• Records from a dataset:
--------------------
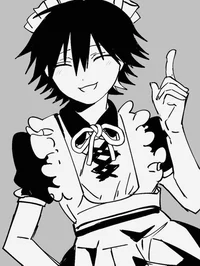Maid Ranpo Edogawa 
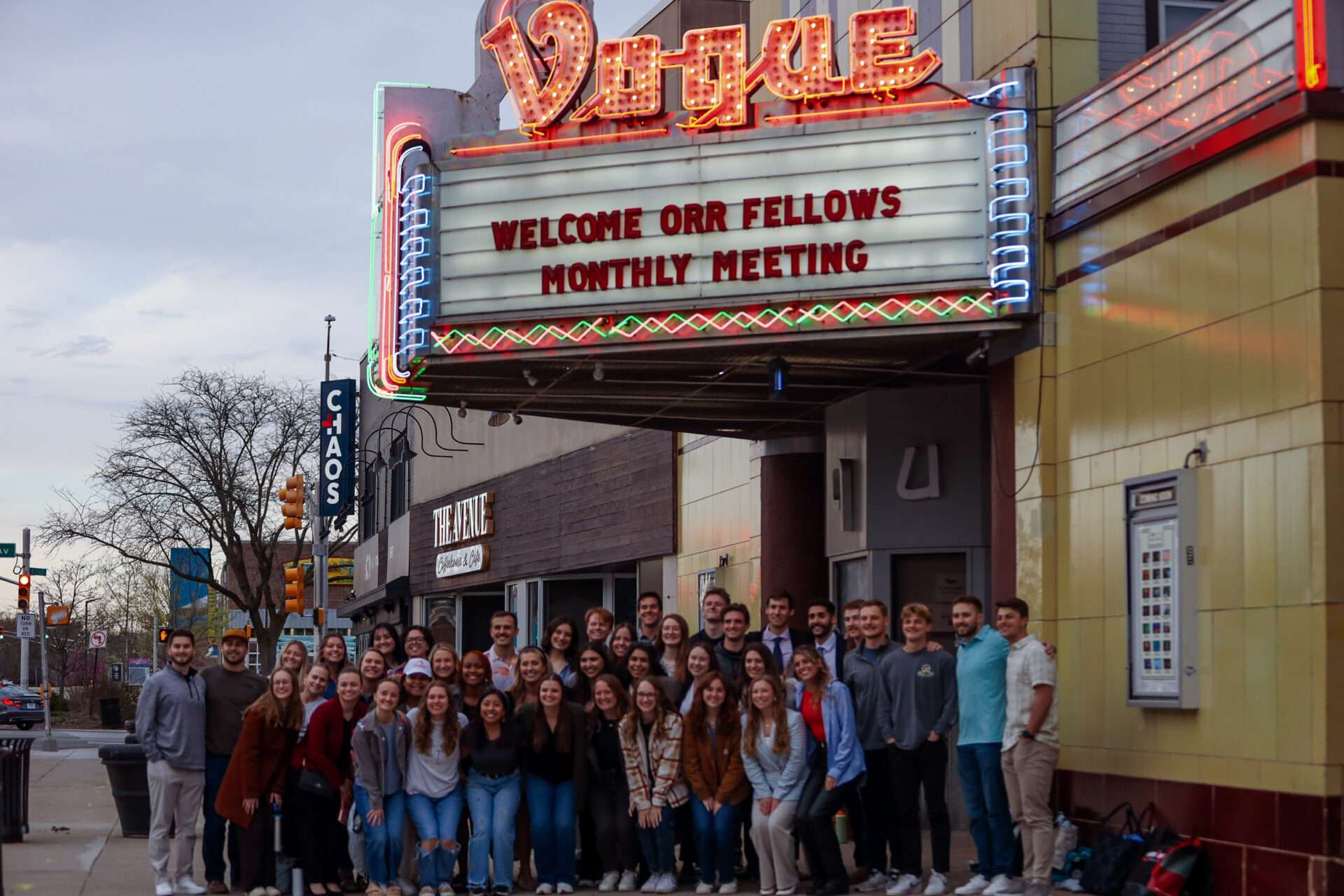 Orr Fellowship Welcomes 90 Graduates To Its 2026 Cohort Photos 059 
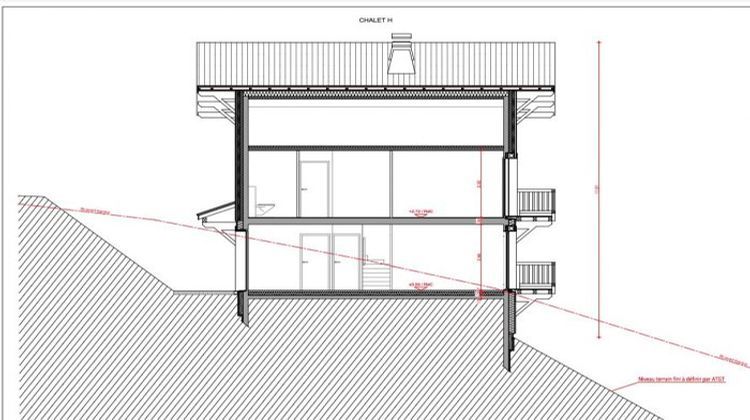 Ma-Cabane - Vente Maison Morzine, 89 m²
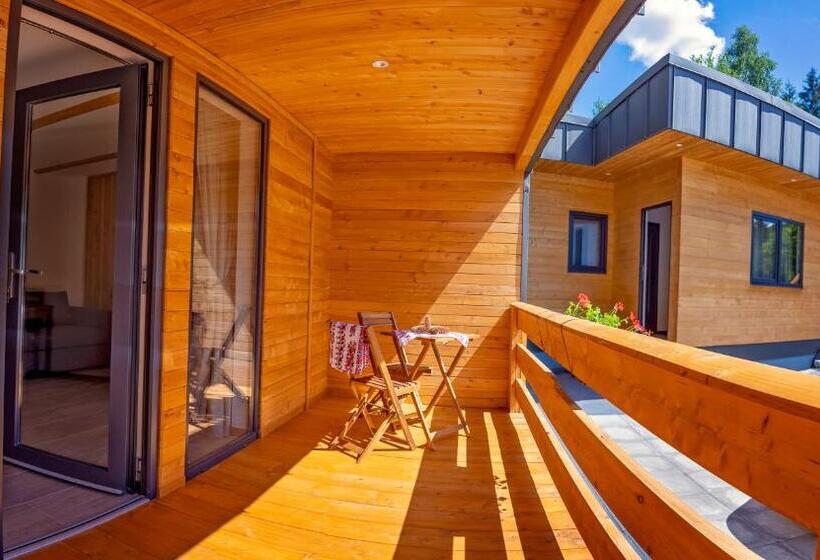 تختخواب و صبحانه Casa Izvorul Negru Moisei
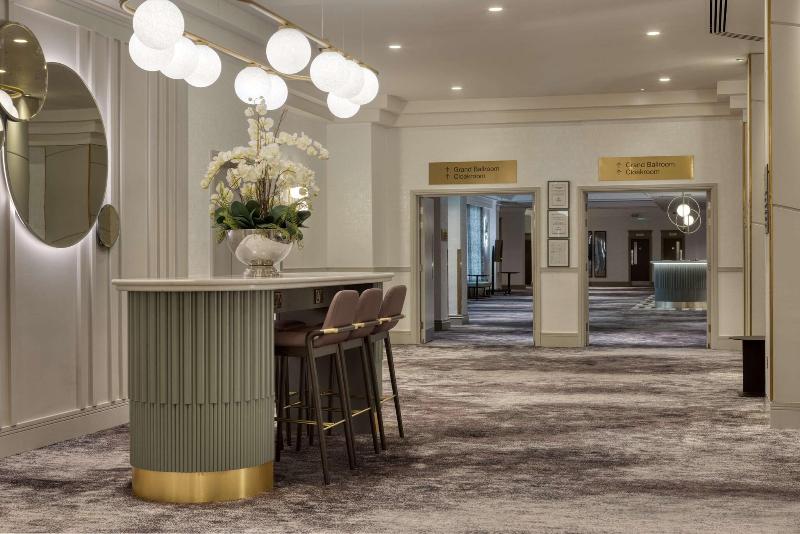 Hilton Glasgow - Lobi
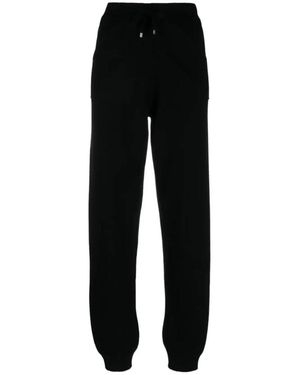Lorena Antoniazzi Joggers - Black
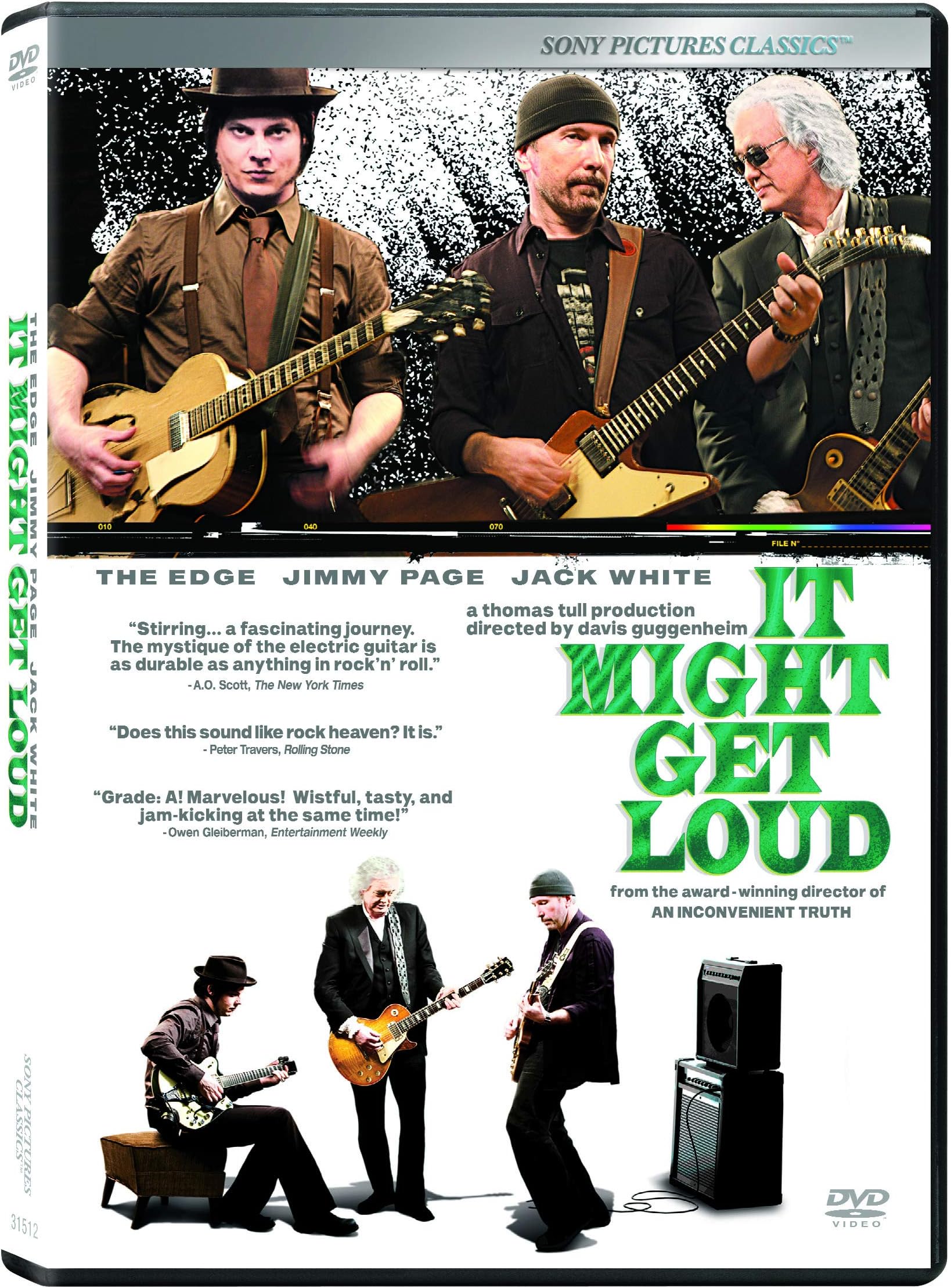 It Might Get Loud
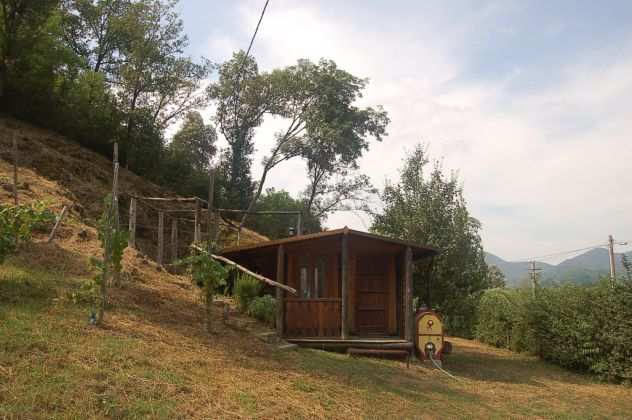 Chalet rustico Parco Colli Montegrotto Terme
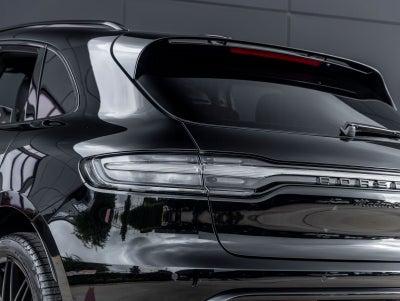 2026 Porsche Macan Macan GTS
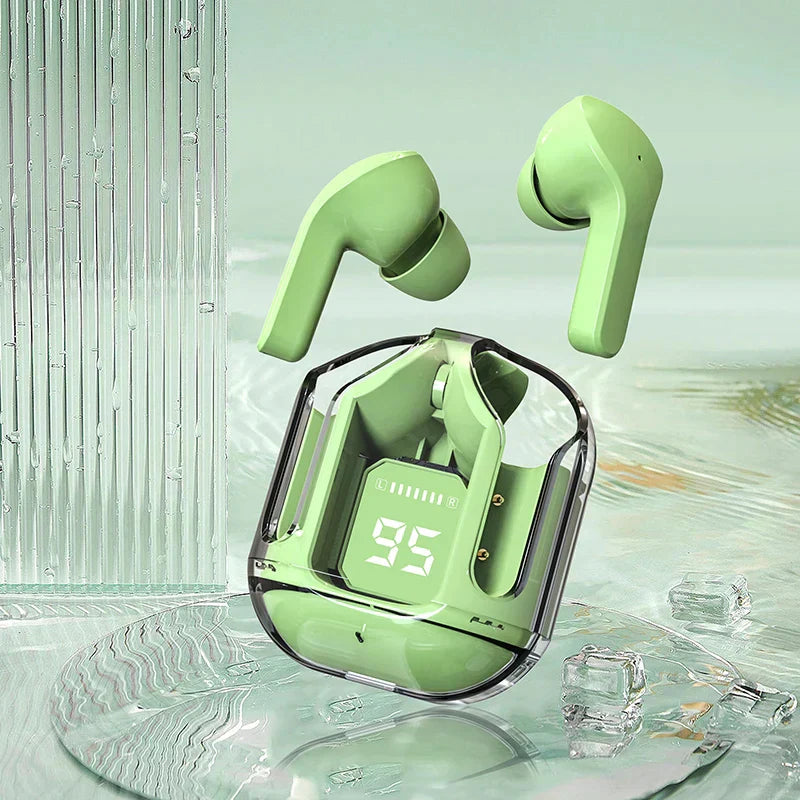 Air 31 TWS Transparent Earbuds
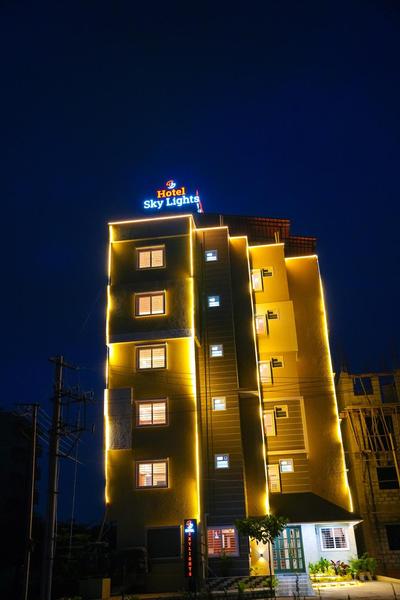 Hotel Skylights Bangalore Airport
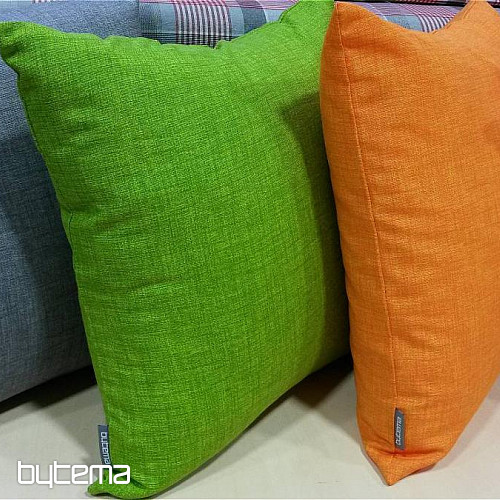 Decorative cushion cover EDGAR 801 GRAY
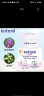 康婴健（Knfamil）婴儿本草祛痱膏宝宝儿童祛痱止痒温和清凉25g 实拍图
--------------------
• What you have to do:
Return exactly the line containing "Lorena Antoniazzi Joggers - Black" and every line after it, up to and including the final line of the entries above. Pictures stay out.

• Exercise answer:
Lorena Antoniazzi Joggers - Black
 It Might Get Loud
 Chalet rustico Parco Colli Montegrotto Terme
 2026 Porsche Macan Macan GTS
 Air 31 TWS Transparent Earbuds
 Hotel Skylights Bangalore Airport
 Decorative cushion cover EDGAR 801 GRAY
 康婴健（Knfamil）婴儿本草祛痱膏宝宝儿童祛痱止痒温和清凉25g 实拍图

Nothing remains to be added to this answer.